Could California Residents Become ‘Majority Renter State’ by 2025?
California’s homeowner affordability stands at 32 percent compared to 57 percent for the rest of the United States. With more than 100 cities designated as “majority renter cities” across the state, it’s possible California could become a “majority renter state” by 2025. About 750,000 residents have migrated out of California from 2010 – 2018 to other states with less or no zoning/housing supply constraints, making the housing issue an economic viability issue as well. It’s forecasted that home sales in the state will dip 4.3 percent for 2019; the median home price will increase 4 percent; and the 30-year-fixed mortgage interest rate will remain around 4 percent. (Click here to view the report)
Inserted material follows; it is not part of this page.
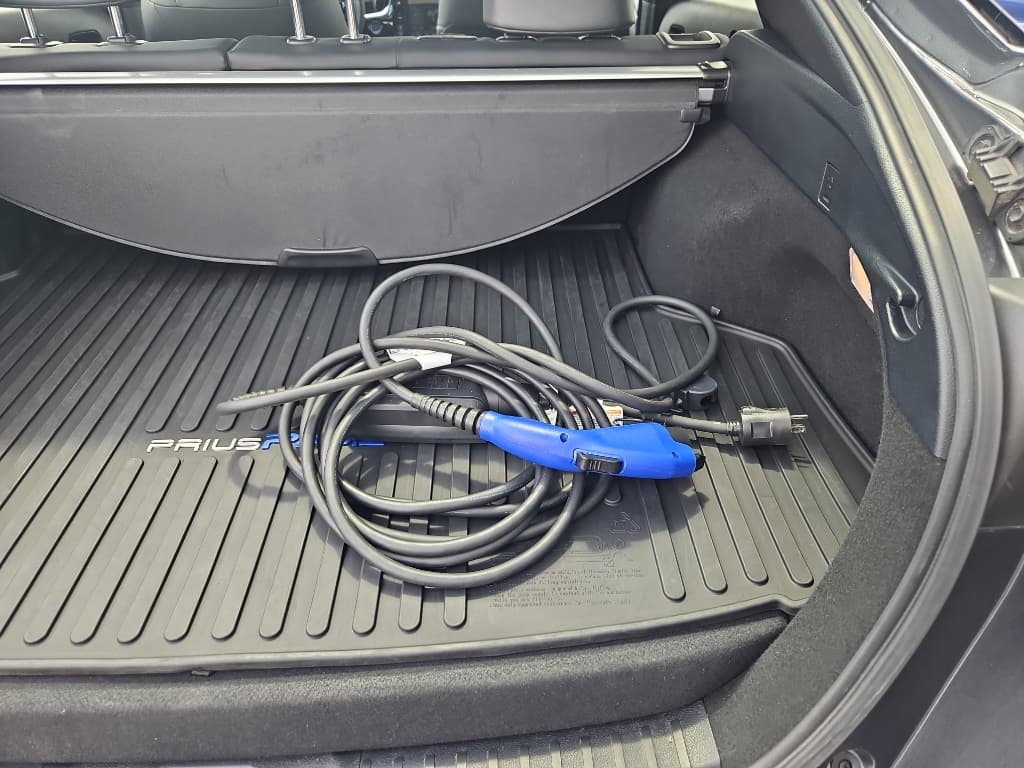 2020 Toyota Prius Prime view 6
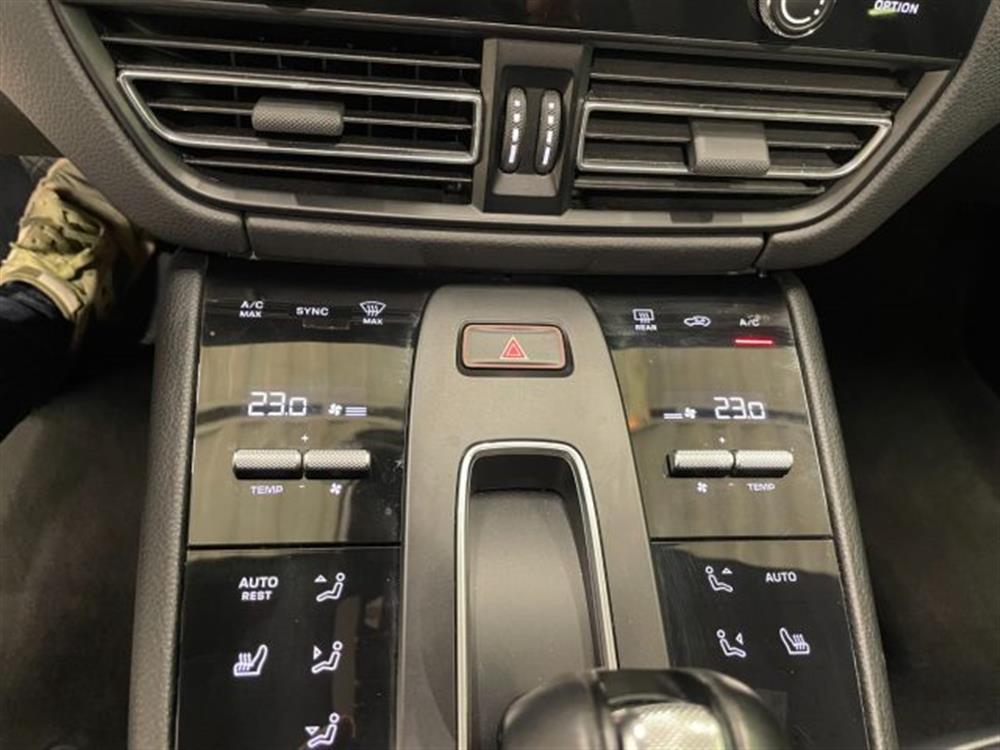 Macan   Macan T 2.0 265cv * TETTO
Housing, Earthquakes and Other Issues: Californians Have Opinions
About 78 percent of California voters (mixture of homeowners and renters) say the state is in the middle of a “housing crisis.” Only 53 percent, including 40 percent of voters 18 – 34 years old, say they can afford to live in the state due to housing costs. Additionally, 72 percent are concerned there will be a major earthquake affecting their community within their lifetime. By region, this concern ranges from 57 percent living inland to the highest, 80 percent, in Los Angeles County. However, only 52 percent (including 49 percent in Los Angeles County) think they are adequately prepared to deal with a major earthquake. Nonetheless, 92 percent say recent earthquakes do not make them consider moving out of state. (Click here to view the report)

San Francisco, San Jose, Riverside are Unique as U.S. Median Hits Peak
U.S. single-family homes and condos (combined) sold for a median price of $266,000 in the second quarter, up 6 percent from a year ago — reaching a new peak (not inflation adjusted). Also, homeowners who recently sold had owned for an average 8.09 years, also reaching a new peak. Homeownership tenure averaged 4.21 years from 2000 – 2007. Among 149 metropolitan areas, the highest average “returns” were in San Jose, CA (85 percent return); San Francisco, CA (72 percent return); and other regions on the West Coast and Southwest. In large metropolitan regions, San Francisco was No. 1 in longest average time that sellers lived in their homes (10.3 years); and Riverside, CA was No. 1 in highest share of sales to Federal Housing Administration (FHA) mortgage buyers. (Click here to view the report)

Foreigner and Immigrant Home Purchases Plunge in California
Foreign homebuyer purchases fell 36 percent from a year ago in the United States from $121 billion to $78 billion (both non-residents and recent immigrants combined), with California being a top state in focus. U.S. purchases declined to 183,100 properties (from 266,800). “A confluence of many factors — including slower economic growth abroad, tighter capital controls in China, a stronger U.S. dollar, and low inventory of homes for sale — contributed to the pullback of foreign buyers,” states the report. “However, the magnitude of the decline is quite striking, implying less confidence in owning a property in the United States.” California is the No. 2 state for international purchases (behind Florida), accounting for 12 percent of purchases. (Click here to view the report)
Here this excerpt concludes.